Output nothing but the lines from the first line of the entries to the line with "铂典X1Pro骨传导蓝牙耳机不入耳无线运动耳机跑步专用马拉松防掉", inclusive, exactly as they read.

(Collected data entries)
☆ ☆ ☆
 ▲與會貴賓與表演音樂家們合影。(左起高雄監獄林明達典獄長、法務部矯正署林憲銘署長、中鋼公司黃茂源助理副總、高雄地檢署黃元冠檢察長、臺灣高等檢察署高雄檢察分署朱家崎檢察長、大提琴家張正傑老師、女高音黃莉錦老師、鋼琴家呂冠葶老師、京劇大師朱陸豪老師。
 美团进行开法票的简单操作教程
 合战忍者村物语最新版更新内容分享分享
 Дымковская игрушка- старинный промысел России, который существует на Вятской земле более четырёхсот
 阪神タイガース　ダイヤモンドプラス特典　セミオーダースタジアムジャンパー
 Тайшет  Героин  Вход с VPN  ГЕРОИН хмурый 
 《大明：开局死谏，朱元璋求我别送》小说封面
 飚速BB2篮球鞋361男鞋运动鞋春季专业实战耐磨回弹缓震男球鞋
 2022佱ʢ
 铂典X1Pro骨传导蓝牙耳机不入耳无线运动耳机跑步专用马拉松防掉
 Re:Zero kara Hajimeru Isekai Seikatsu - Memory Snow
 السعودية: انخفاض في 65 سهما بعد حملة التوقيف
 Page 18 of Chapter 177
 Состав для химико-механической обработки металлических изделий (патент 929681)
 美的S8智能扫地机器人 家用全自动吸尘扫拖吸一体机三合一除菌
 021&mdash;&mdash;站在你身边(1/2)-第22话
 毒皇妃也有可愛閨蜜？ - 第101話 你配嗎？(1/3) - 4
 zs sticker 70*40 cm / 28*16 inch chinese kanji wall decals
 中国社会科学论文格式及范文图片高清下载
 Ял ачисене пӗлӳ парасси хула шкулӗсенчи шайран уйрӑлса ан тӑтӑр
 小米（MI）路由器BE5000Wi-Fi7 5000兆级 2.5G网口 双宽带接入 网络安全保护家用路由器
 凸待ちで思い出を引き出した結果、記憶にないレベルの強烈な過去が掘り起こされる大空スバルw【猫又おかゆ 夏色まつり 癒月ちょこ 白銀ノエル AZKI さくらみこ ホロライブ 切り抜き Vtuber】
☆ ☆ ☆
- Solution below:
 ▲與會貴賓與表演音樂家們合影。(左起高雄監獄林明達典獄長、法務部矯正署林憲銘署長、中鋼公司黃茂源助理副總、高雄地檢署黃元冠檢察長、臺灣高等檢察署高雄檢察分署朱家崎檢察長、大提琴家張正傑老師、女高音黃莉錦老師、鋼琴家呂冠葶老師、京劇大師朱陸豪老師。
 美团进行开法票的简单操作教程
 合战忍者村物语最新版更新内容分享分享
 Дымковская игрушка- старинный промысел России, который существует на Вятской земле более четырёхсот
 阪神タイガース　ダイヤモンドプラス特典　セミオーダースタジアムジャンパー
 Тайшет  Героин  Вход с VPN  ГЕРОИН хмурый 
 《大明：开局死谏，朱元璋求我别送》小说封面
 飚速BB2篮球鞋361男鞋运动鞋春季专业实战耐磨回弹缓震男球鞋
 2022佱ʢ
 铂典X1Pro骨传导蓝牙耳机不入耳无线运动耳机跑步专用马拉松防掉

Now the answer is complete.